▶ **Try it**: Excluding any images, copy all of the lines below precisely as written.

▶ **Data block**:

════════════════

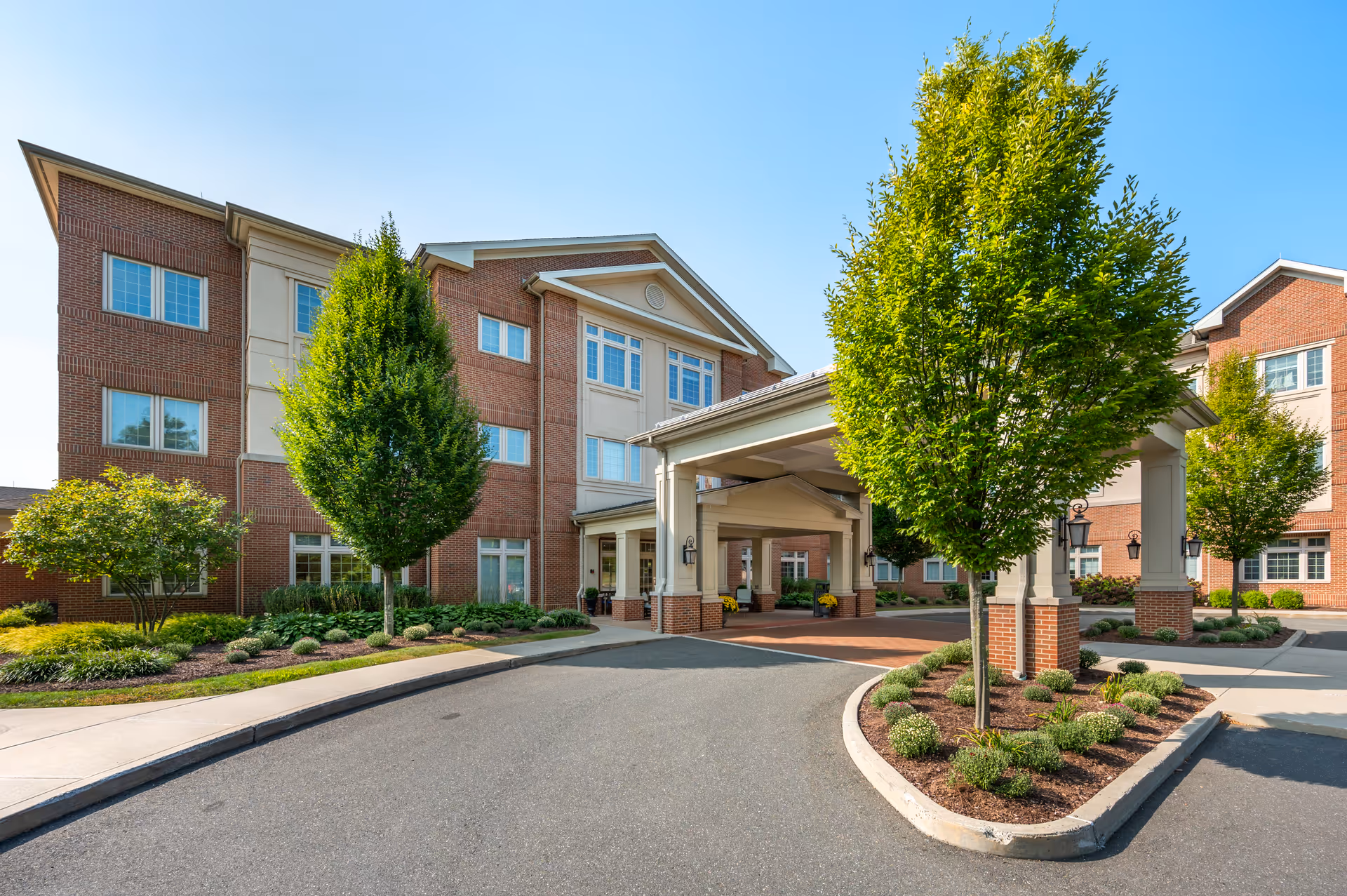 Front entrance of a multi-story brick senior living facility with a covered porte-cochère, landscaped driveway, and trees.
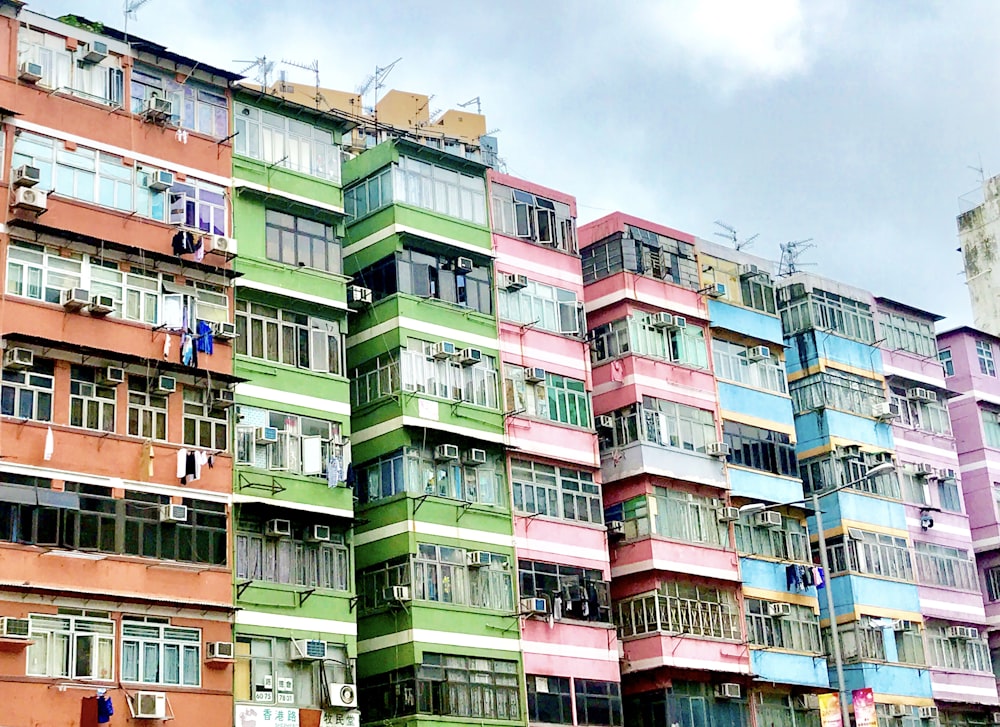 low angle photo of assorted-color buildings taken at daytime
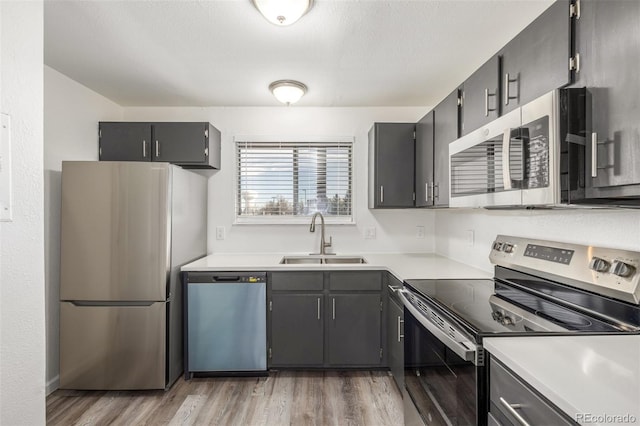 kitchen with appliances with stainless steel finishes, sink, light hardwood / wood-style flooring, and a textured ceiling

════════════════

▶ **Task output**:
 Front entrance of a multi-story brick senior living facility with a covered porte-cochère, landscaped driveway, and trees.
 low angle photo of assorted-color buildings taken at daytime
 kitchen with appliances with stainless steel finishes, sink, light hardwood / wood-style flooring, and a textured ceiling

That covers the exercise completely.